My Comments on:

Sharon Howard,

Digital history and the archives: loss or gain?

,



  http://hnn.us/blogs/comments/36392.html#comment (now) https://historynewsnetwork.org/blog/36392



HNN Cliopatria [pseudonym], Mar 11, 2007

Andrew D. Todd

 a_d_todd@rowboats-sd-ca.com 

http://rowboats-sd-ca.com/




(My Responses)
(03/11/2007 11:36 AM)
RE: http://hnn.us/blogs/comments/36392.html#comment

New Technology Relevant to Online Archives.

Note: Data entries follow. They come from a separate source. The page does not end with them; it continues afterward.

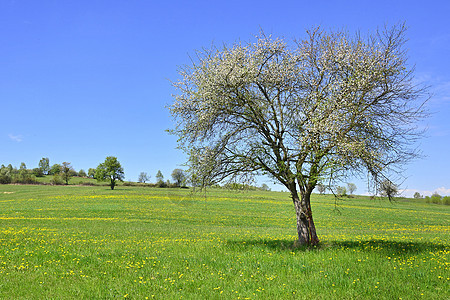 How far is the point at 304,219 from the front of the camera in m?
16.3

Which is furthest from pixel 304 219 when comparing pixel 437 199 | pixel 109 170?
pixel 437 199

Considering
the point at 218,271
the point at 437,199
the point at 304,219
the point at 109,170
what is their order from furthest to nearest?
1. the point at 437,199
2. the point at 109,170
3. the point at 304,219
4. the point at 218,271

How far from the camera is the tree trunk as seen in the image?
52.4ft

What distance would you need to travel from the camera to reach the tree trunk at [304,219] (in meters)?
16.0

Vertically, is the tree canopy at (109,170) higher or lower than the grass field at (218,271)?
higher

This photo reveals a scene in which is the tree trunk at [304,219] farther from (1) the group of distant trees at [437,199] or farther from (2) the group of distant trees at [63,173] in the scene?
(1) the group of distant trees at [437,199]

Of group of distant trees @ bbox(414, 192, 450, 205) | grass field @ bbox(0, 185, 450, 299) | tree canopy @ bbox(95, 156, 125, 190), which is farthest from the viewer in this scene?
group of distant trees @ bbox(414, 192, 450, 205)

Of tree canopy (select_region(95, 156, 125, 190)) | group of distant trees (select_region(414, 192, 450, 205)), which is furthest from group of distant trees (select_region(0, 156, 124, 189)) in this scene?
group of distant trees (select_region(414, 192, 450, 205))

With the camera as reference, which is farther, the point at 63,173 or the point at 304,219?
the point at 63,173

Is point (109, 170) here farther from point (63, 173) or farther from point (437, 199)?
point (437, 199)

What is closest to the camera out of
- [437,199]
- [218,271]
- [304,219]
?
[218,271]

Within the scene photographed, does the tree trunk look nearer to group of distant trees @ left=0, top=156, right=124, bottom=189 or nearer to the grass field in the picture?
the grass field

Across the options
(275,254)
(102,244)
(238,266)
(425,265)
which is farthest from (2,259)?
(425,265)

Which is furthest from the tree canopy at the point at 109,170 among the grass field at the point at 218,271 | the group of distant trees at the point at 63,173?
the grass field at the point at 218,271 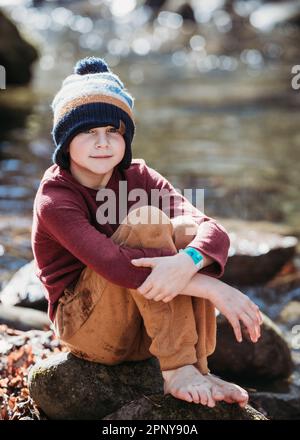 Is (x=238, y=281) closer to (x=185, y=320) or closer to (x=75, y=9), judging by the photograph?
(x=185, y=320)

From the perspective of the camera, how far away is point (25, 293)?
5688 mm

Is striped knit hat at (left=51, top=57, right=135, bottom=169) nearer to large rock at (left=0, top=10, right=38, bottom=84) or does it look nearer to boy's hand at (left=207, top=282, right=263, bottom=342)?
boy's hand at (left=207, top=282, right=263, bottom=342)

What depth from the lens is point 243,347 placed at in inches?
192

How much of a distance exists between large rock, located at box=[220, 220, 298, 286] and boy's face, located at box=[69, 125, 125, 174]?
339 centimetres

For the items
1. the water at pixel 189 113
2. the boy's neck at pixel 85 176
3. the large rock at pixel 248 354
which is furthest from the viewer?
the water at pixel 189 113

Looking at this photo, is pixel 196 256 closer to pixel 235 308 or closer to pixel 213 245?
pixel 213 245

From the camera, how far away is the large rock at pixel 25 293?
18.4 feet

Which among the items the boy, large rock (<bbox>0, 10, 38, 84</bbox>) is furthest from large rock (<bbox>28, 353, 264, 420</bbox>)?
large rock (<bbox>0, 10, 38, 84</bbox>)

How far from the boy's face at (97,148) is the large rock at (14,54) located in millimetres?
13841

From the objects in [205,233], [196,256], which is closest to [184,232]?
[205,233]

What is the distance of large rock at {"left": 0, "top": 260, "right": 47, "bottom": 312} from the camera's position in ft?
18.4

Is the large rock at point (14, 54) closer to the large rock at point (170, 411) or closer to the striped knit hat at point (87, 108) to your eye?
the striped knit hat at point (87, 108)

There is a device called a "Field Camera,"  an electronic camera which works on the same  principle as insect vision, and which records something approximating a hologram. That  means that you no longer have to worry about focus when you are taking pictures-- you can fix the focus after the fact, in an editing program, the same as exposure. This is important when one is taking a picture of an object, such as a bound book, which cannot easily be made to lie flat. A field camera offers good prospects of rapidly producing images of printed books good enough for optical character recognition (OCR) to work reliably. Field Cameras, by virtue of their design, can be  made very small and cheap, and yet have optical performance comparable to the finest conventional cameras. A ten-dollar field camera, only slightly bigger than a postage stamp, might have performance comparable to a specialized conventional camera weighing a thousand pounds and costing fifty thousand dollars. Think of the sorts of cameras which Google is building and using for the Google Print project, and imagine every little kid having one. With such a camera, it would be no great difficulty to copy a book in several minutes. At present, Field Cameras are still at  the level of research projects, but they  could be in mass production in a couple of years. The Field Camera is attractive to chipmakers because it allows them to increase their share of the value-added in  a camera, at the expense of the lensmakers.

Very probably, field cameras might be useful to speed up the actual photography of documents. To take advantage of this, you might have to change your way of thinking about how you republish  documents. One print habit that you need to get away from is the idea that the first published version has to  be a perfect version. In electronic media, it is permissible for the first version to be massively  flawed, so long as it is labeled accordingly, and so long as you have a regular system for  cataloging improvements.  There should be a regular system, whereby readers can report probable flaws. The twentieth or thirtieth version might eventually reach the  standard of traditional published "papers" projects.  There is an old engineer's saying that "the perfect is the enemy of  the good," and I think this applies to putting archives online.

The field camera has applications not only to archives, but also to libraries. Google Print,  like University Microfilms before it, tends to require special lending  privileges from the libraries  it collaborates with. They need to have a few thousand volumes checked out at once, including things like serials which normally do not circulate, all of them away on visits to their special cameras.  That means Google Print  has to have official sanction, and lives in the slow world of lawyers, lobbyists, and whatnot. Imagine a totally acephalous network of independent copyists, like the scriptorium monks of the  middle ages, deciding to do the same job, only to do it right, and thumbing their collective noses at all laws.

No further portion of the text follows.